Guilty as charged... I took a large bowie knife to a soft wood tree in my backyard. This was a few years back but I never got around to asking people about how to fix it.

I think the point is not bent significantly enough to warrant a trip to the bladesmith... what type of hammer(Im assuming?) would be ideal for the tapping that you mentioned?

J
 
JL,
If you intend to cold bend the blade use a BRASS hammer. Using a steel hammer will work fine if every blow will be at right angle to the work, if not you may dent the work or cause a hard spot which would later fracture.
Dan
 
Ideally, I'd take off the hilt and furniture, heat the blade up slowly to a good cherry-red and cool it gradually, to relieve the stresses caused by the bend. Then I'd take another cherry-red heat and carefully hammer out the bend on the anvil. For choice I'd anneal it a second time before hardening, for fear of the blade warping when quenched. After hardening, for a bowie I'd heat up a 3/4" steel rod to orange heat and lay the back of the bowie on this rod until the back of the bowie turned blue, leaving the cutting edge somewhere in the straw yellow to purple range.

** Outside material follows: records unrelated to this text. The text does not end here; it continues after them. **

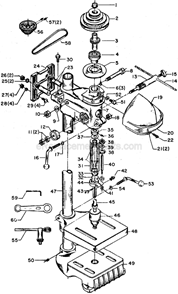 Part Location Diagram of 901010600607S Delta Screw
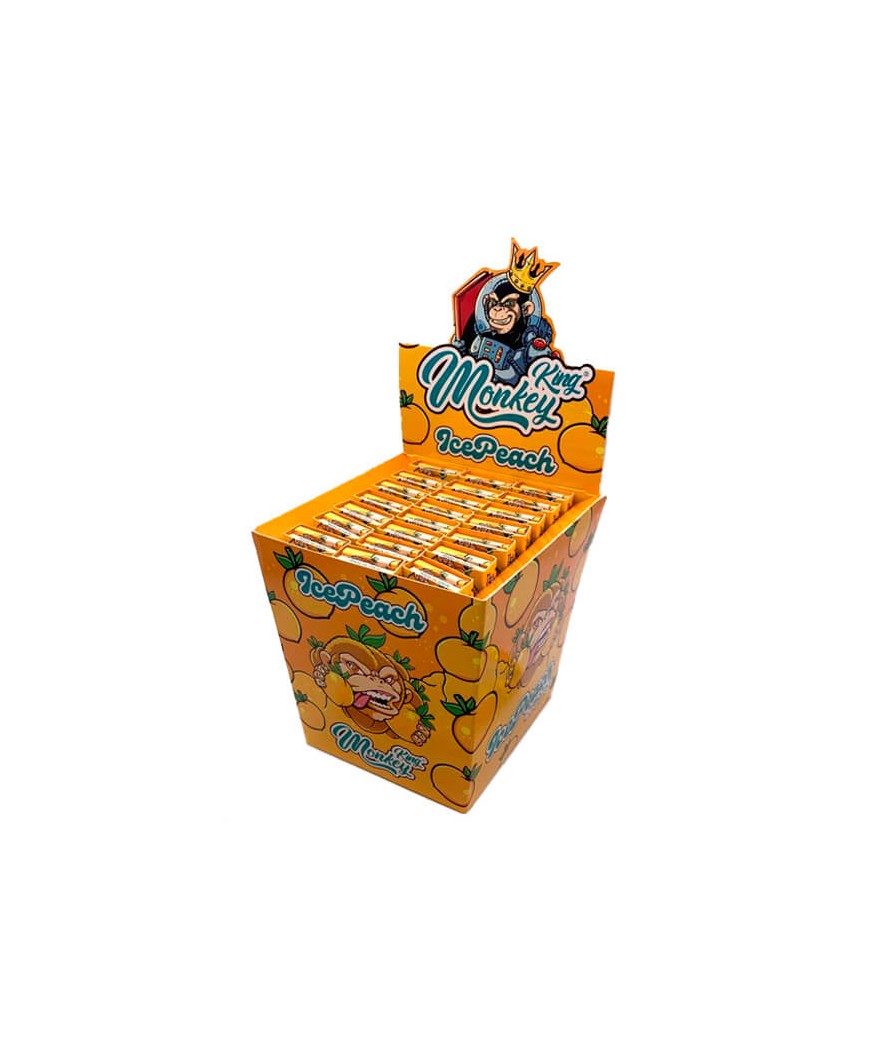 Papel Monkey King Size Slim & Tips Smell Peach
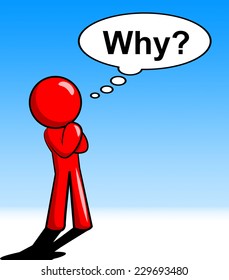 Thinking Why Character Indicating Consideration Considering And Wherefore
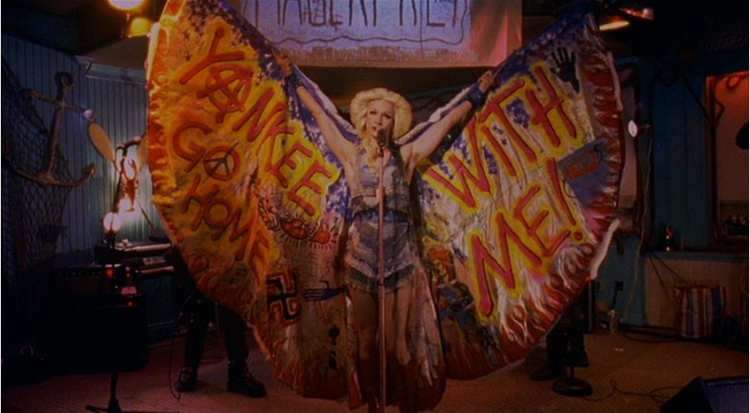 Hedwig and the Angry Inch in denim wings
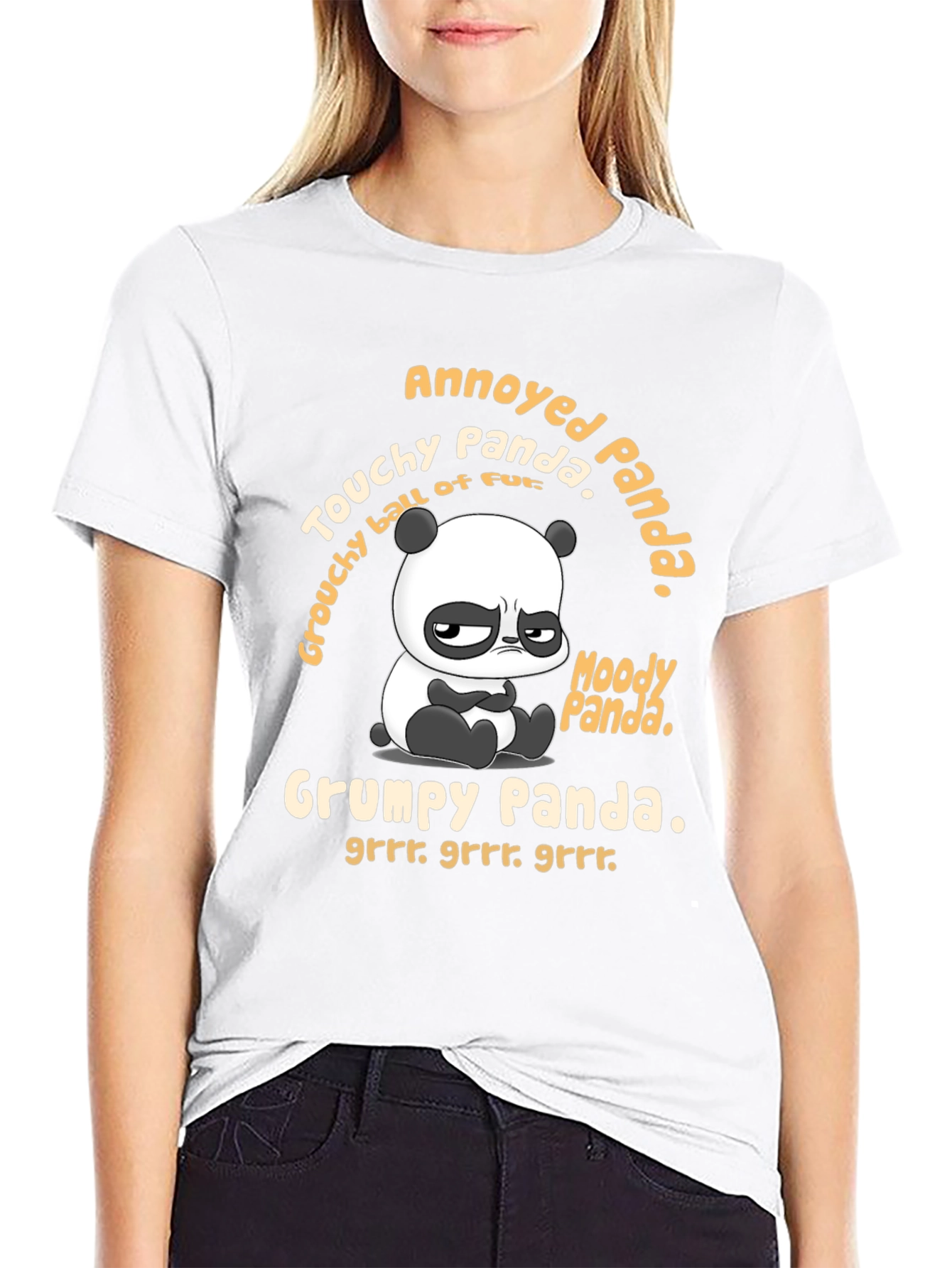 Grumpy Panda T-Shirt - Annoyed Panda Tee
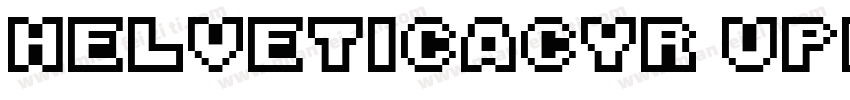 helveticacyr upright 粗体(TrueType) (字体转换
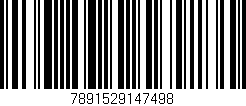 Código de barras (EAN, GTIN, SKU, ISBN): '7891529147498'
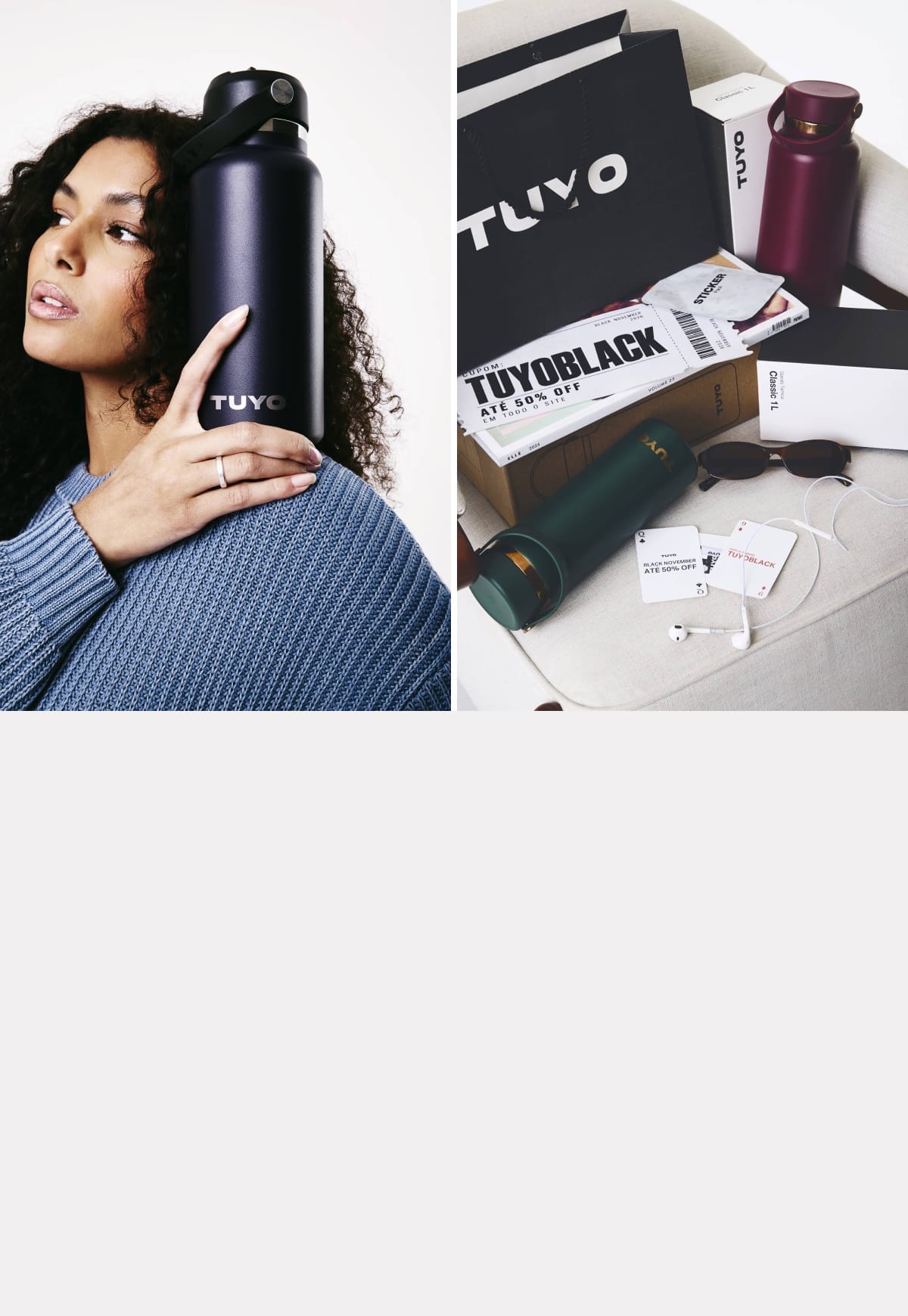 Black November Tuyo: até 50% off em todo o site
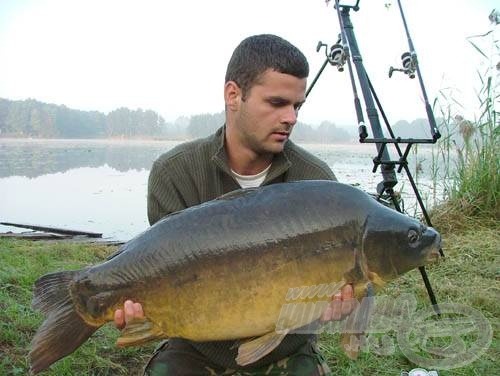 A Gigant Baits Team 16,1 kg-os pontya csak 10 dekával maradt le a legnagyobb kifogott ponty különdíjától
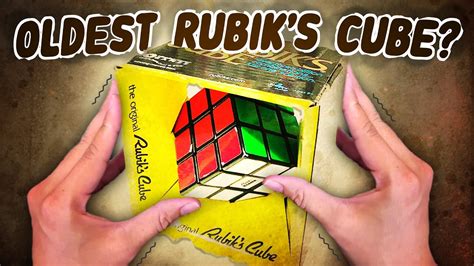 RARE 1980 Rubik’s Cube Unboxing (and breaking 😲) - YouTube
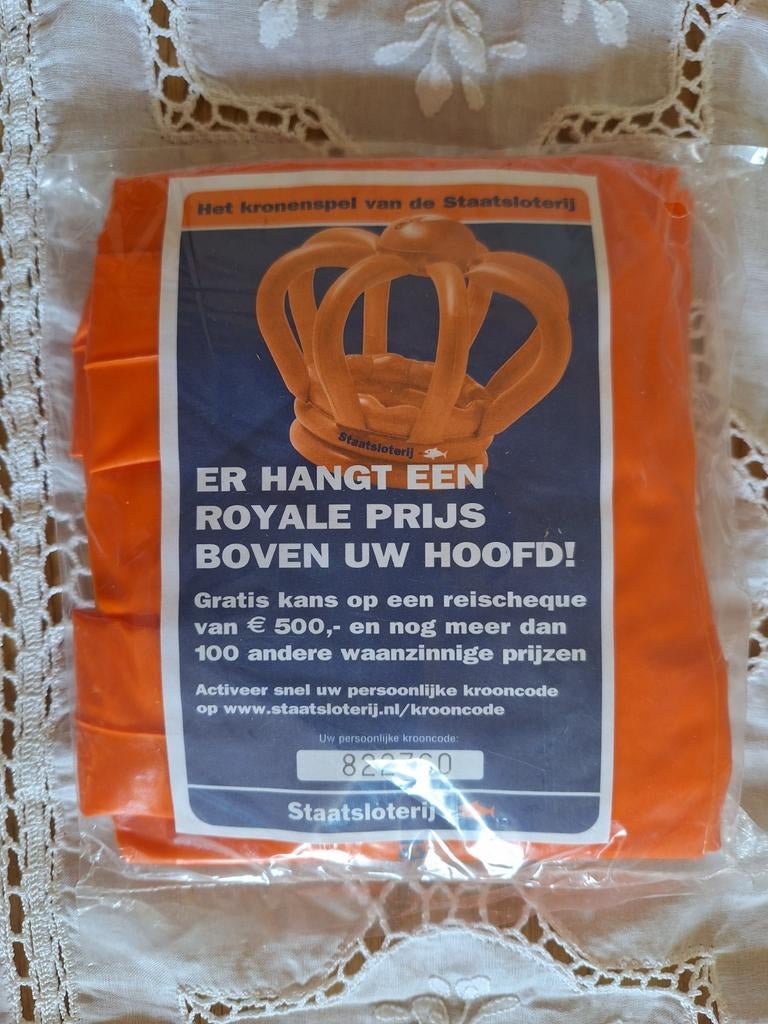 Staatsloterij Konings kroon, Verzamelen, Ophalen of Verzenden, Gebruiksvoorwerp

If you don't have a sufficient heat source, I'd suggest leaving it well alone; hammering it straight while cold, even if carefully done, will set up dangerous stresses in tempered steel, and you could ruin the whole knife. Likewise grinding; it's very easy to wreck the temper of a blade when reshaping with a grinding wheel or angle grinder, owing to the friction heat. If you can live with the bend, let it be; it's far easier to make a knife worse than better, trying to work it cold.